En 2015 murió Oliver Sacks dejando un inédito que ahora podemos leer en la traducción de Damián Alou: El río de la memoria (Anagrama, Barcelona, 2018, 223 páginas). Es una colección de estudios de su especialidad que, según sabemos, fue tan amplia como la de un ensayista, sin alejarse de su concentración profesional como neurólogo. Me detengo en uno de ellos, el dedicado a lo falible de la memoria.
Es frecuente que recordemos haber vivido unas experiencias que, en rigor, nunca tuvimos. Se trata, en ciertos casos, de mentiras concientes. En otros, en cambio, la decisión del inconciente, la verdad de lo deseable, juega por su cuenta y no siempre a nuestro favor. En este punto, Sacks, aunque no explícitamente, se pregunta quién recuerda cuando decimos recordar algo. Ese otro deseante, que construye una historia irreal pero verdadera, diseña nuestra experiencia, sea que nos dejemos envolver por esa fantasía retrospectiva o que intentemos analizarla y buscarle causas.

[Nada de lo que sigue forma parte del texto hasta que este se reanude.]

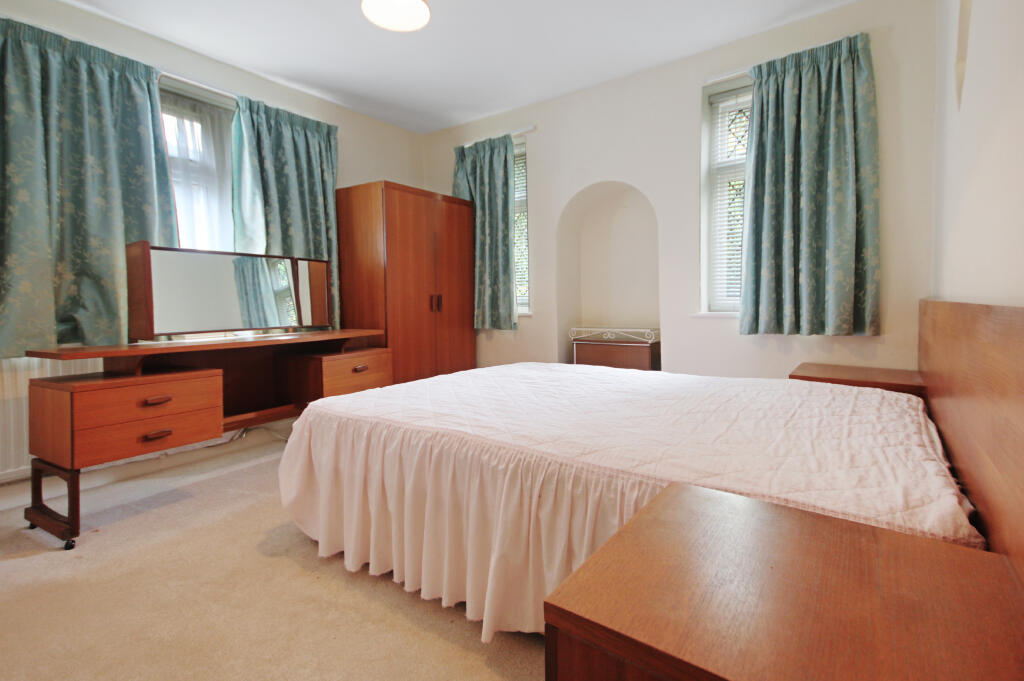 House in Redhill - View 5
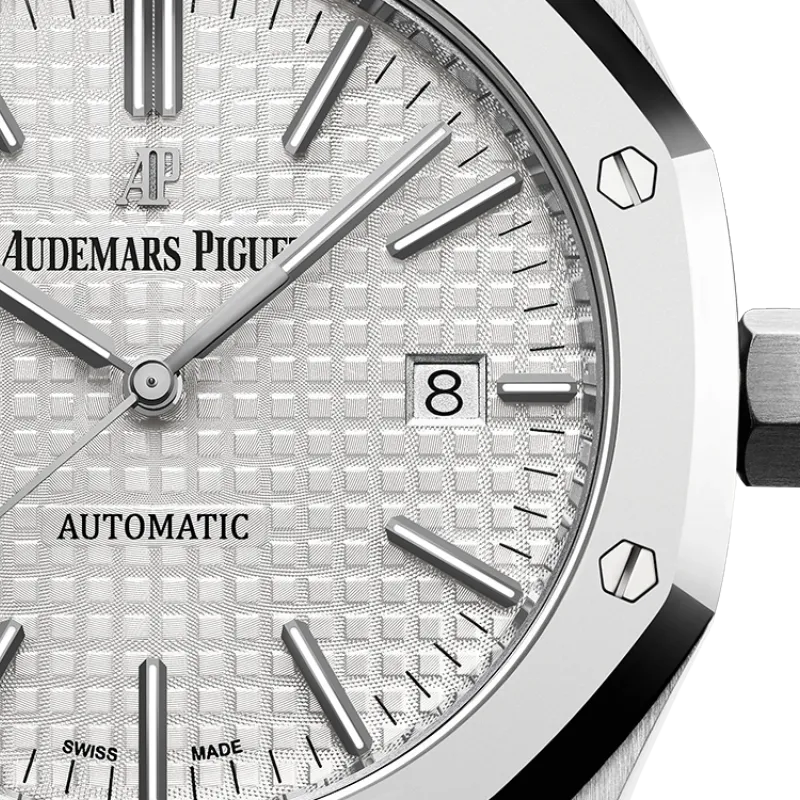 ROYAL OAK SELFWINDING «QEII CUP 2017» LIMITED EDITION OF 200 Ref. 15403IP.OO.1220IP.01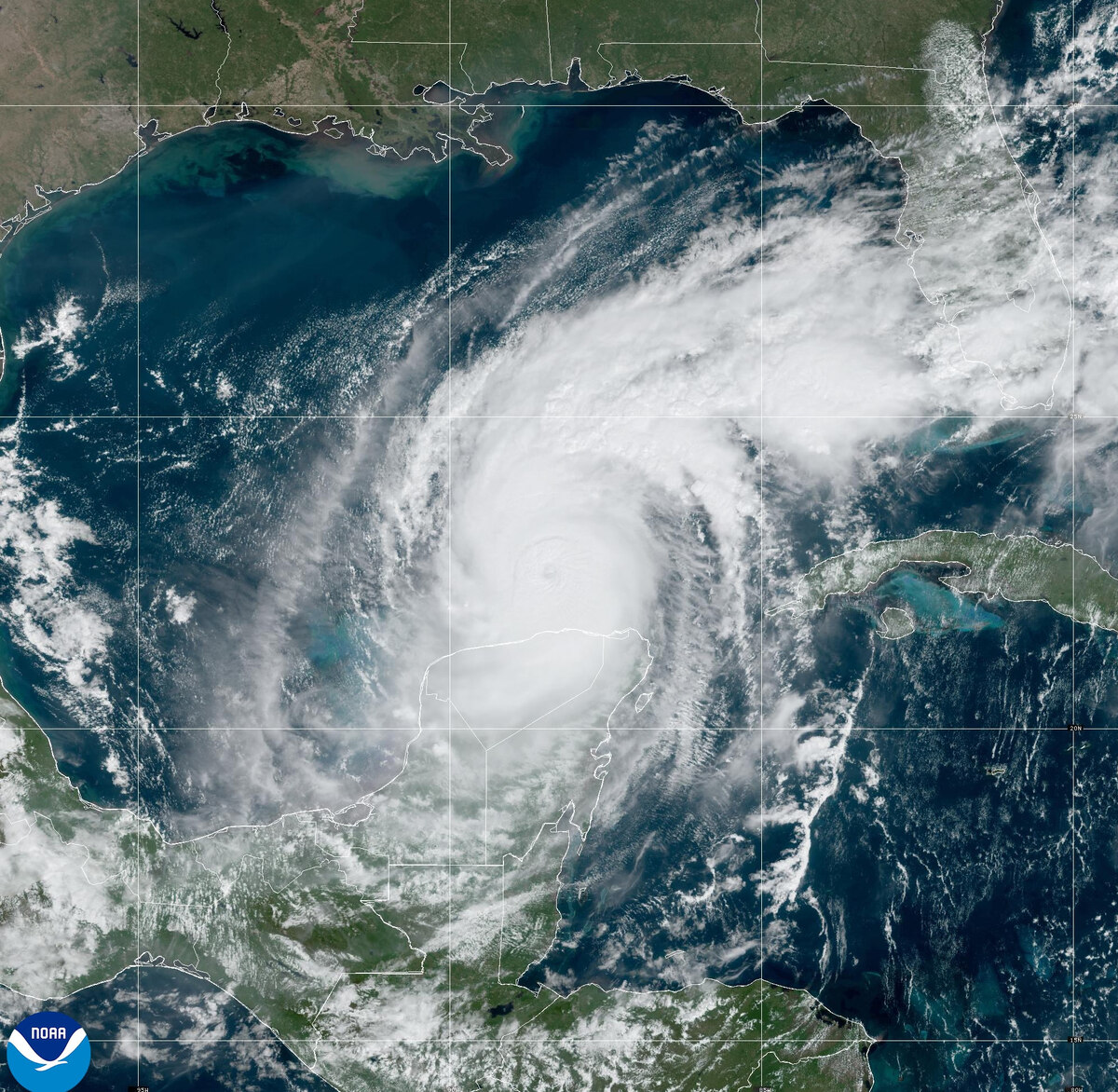 NOAA\Keystone Press Agency\Global Look Press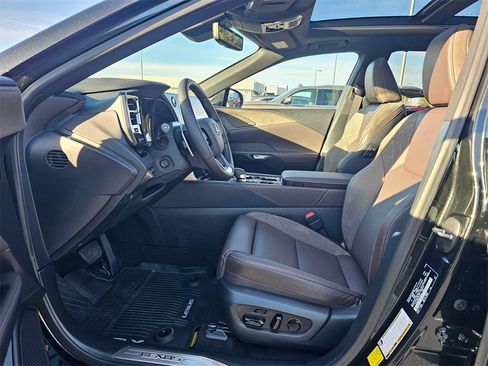 Used 2026 Lexus RX 450h Luxury w/ Convenience Package image 28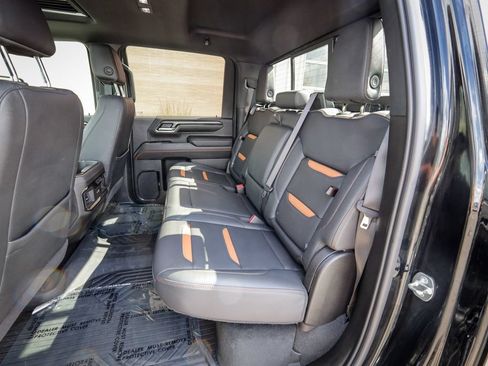 Used 2024 GMC Sierra 2500 AT4 w/ AT4 Premium Plus Package AWD/4WD image 31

¿Hay una dualidad humana entre irrealidad y verdad, entre realidad y mendacidad? Ante todo, conviene tener en cuenta que cuando decimos rememorar algo, nos vamos a un momento del pasado que, valga la redundancia, ha pasado para siempre, ha desaparecido. Hemos de reconstruirlo y, quizá, construirlo por completo. Un novelista por excelencia de la memoria como Marcel Proust lo dice con una muy precisa imagen. Volvemos a una calle donde recordamos recordar haber estado alguna vez y, no obstante que su materialidad subsiste, que la calzada, la acera y las casas sigan en pie, la calle vivida ha desaparecida pues, según dice Proust, “las calles son fugitivas como los años”.
Sacks va más lejos y llega al tema del plagio. No tanto al conciente, el del plagiario fraudulento que muestra como propia una obra copiada de un tercero al cual sustituye como autor, sino a los innúmeros plagios inconcientes que, en ancha medida, constituyen nuestra vida.
En efecto, no sólo porque la “corrección” mnemónica incorpora a nuestra memoria unos episodios apócrifos, sino porque la existencia de cualquiera de nosotros está alimentada, mayormente, por herencias, eficaces pero anónimas. Baste pensar en el lenguaje verbal. Todo el aparato de una lengua nos articula como sujetos, nos habita y nos repite como especie. Somos animales parlantes (y escribientes, según comprueba ahora mismo el lector/la lectora). Casi nada de esas lenguas es obra de cada uno de nosotros. Y quien dice lengua, dice palabras, fórmulas y verdades que damos por tales y que hemos aprendido de oídas, de leídas, tras arduas lecciones de los profesores o amables charlas con seres queridos. Bien o mal queridos, quiero decir.
Todo esto se incorpora a nuestra existencia y es nuestra verdad existencial pues vivimos nuestra existencia en eso que llamamos vivencia. Sacks hace muy bien en examinar no las líneas rojas que separan las zonas de nuestra vida mental, sino lo contrario: las zonas grises en que las diversas categorías se confunden, se funden las unas en las otras y acaban integrándose en el magma de la vida. La vida verdadera, la única que tenemos como seres deseosos y parlanchines.